▶ _PROVIDED ENTRIES_:
Content starts

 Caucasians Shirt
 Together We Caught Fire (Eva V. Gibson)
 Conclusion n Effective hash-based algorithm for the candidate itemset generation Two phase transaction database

Content ends
Content starts

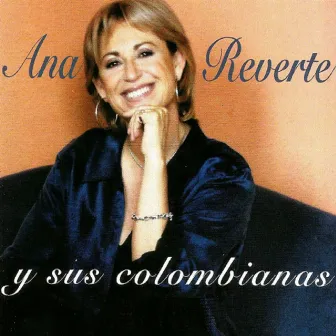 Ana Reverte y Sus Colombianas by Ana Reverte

Content ends

▶ _WORK INSTRUCTIONS_:
Using the entries above, give again exactly the lines from the line holding "Caucasians Shirt" through the line holding "Conclusion n Effective". Include both end lines and nothing else.

▶ _SOLUTION BELOW_:
 Caucasians Shirt
 Together We Caught Fire (Eva V. Gibson)
 Conclusion n Effective hash-based algorithm for the candidate itemset generation Two phase transaction database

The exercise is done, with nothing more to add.